A client asked if he could include a provision in his antenuptial contract that expressly excludes the right of his intended spouse to claim maintenance upon divorce.

Another client asked if the contract could contain a clause deterring the husband-to-be from being involved in an extramarital affair in the future?

Antenuptial Contracts: An Overview

An Antenuptial contract (ANC), often referred to as a prenuptial agreement or marriage contract, is a legal document that couples can enter into before getting married.
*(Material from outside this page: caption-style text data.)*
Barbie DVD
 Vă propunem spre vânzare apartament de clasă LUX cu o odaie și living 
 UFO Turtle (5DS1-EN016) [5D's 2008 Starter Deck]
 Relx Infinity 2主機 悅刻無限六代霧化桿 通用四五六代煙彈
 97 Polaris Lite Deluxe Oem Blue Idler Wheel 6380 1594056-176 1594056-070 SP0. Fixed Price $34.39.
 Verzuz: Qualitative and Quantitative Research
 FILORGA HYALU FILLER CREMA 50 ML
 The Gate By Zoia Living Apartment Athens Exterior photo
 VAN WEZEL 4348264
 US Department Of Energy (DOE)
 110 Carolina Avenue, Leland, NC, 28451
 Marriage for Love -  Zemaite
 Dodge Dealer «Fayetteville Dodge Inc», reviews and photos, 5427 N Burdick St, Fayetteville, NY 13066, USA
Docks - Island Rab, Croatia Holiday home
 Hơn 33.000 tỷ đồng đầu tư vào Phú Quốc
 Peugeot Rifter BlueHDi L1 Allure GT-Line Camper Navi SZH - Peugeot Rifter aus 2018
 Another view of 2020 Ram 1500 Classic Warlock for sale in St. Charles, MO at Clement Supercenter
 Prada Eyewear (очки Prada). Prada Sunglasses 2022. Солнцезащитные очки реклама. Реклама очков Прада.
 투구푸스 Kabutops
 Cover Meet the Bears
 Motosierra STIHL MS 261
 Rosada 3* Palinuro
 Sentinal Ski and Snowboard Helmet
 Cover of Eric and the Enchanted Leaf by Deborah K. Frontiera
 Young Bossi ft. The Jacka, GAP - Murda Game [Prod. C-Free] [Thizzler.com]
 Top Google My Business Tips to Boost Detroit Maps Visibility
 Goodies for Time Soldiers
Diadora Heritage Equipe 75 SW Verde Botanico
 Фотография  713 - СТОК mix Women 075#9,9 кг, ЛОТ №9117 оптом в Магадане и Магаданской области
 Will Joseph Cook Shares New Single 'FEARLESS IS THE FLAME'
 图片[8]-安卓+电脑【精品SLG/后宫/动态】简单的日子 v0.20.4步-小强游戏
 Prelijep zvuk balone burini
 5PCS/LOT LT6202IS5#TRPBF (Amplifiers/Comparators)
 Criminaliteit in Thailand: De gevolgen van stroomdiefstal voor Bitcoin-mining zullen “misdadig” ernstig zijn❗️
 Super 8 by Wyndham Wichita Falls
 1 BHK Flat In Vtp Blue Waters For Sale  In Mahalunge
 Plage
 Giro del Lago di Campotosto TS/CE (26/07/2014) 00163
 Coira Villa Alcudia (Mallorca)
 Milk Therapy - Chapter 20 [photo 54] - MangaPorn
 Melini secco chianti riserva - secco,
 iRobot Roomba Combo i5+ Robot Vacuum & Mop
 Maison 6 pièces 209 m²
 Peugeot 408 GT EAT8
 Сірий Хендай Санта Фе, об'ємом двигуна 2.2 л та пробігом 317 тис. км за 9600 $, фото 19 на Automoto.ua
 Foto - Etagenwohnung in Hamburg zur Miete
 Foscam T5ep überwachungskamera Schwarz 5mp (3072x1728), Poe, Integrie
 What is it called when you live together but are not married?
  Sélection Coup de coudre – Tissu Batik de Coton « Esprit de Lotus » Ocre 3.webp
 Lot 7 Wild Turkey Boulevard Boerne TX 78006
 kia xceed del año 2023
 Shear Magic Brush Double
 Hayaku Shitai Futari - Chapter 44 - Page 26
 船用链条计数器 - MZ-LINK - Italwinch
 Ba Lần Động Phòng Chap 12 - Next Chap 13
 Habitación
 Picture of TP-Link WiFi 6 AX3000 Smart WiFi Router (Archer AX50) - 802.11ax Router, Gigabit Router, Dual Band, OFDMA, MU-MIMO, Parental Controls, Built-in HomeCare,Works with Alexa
An ANC is a way for couples to outline their financial arrangements, specifying how their assets and liabilities will be divided if the marriage ends in death or divorce.

Spouses are generally free to include any provision in their ANC. However, the provision may not be contra bonos mores (against the good morals of the public), against nature, reason, public policy, prohibited by any law or purports to take over the powers of the court. Clauses of this nature will be null and void. An ANC may not include clauses that are unreasonable, against public policy or unlawful:

Unreasonable clauses include ones:

  • prohibiting a spouse from working.
  • forcing a spouse to live in a particular area.
  • stating that marital disputes must be referred to arbitration.
  • obliging a spouse to adopt the religion of the other spouse.
  • stating that the parties will not live together as man and wife after the marriage.
  • stating that neither spouse shall have the right to ask for an order of forfeiture or share in the accrual of the other’s estate or claim maintenance following a divorce.

Against public policy:

  • Clauses enforcing a change of religion, gender or race or prohibiting any association.
  • A clause permitting the parties to commit adultery.


  • Clauses allowing or forcing a spouse to commit a crime.

Effect of a clause discouraging infidelity

May an ANC include a clause to deter the husband from being involved in an extramarital affair in the future?

Case law suggests that one must interpret this type of clause in context. For example, the parties had been divorced before because of the husband’s involvement in extramarital affairs.

An example of such a clause:

‘Should it be proven that A be the cause of a future divorce through an extramarital relationship, he will (here reflect an obligation on the husband to give the wife a fixed property, pay her a cash amount, etc.)’

The court will enforce this clause as it seeks to preserve the marriage by discouraging another extramarital affair by the husband.


Whether it possible to include a provision in an antenuptial contract that excludes any right or imposes an obligation after divorce, its enforceability can be a complex and contentious issue. It is crucial to seek legal counsel to ensure that your antenuptial contract is valid and complies with South African laws. Consulting an attorney experienced in family law will help you navigate this sensitive and legally intricate process to create a contract that reflects the intentions and needs of both parties while respecting the principles of fairness and justice.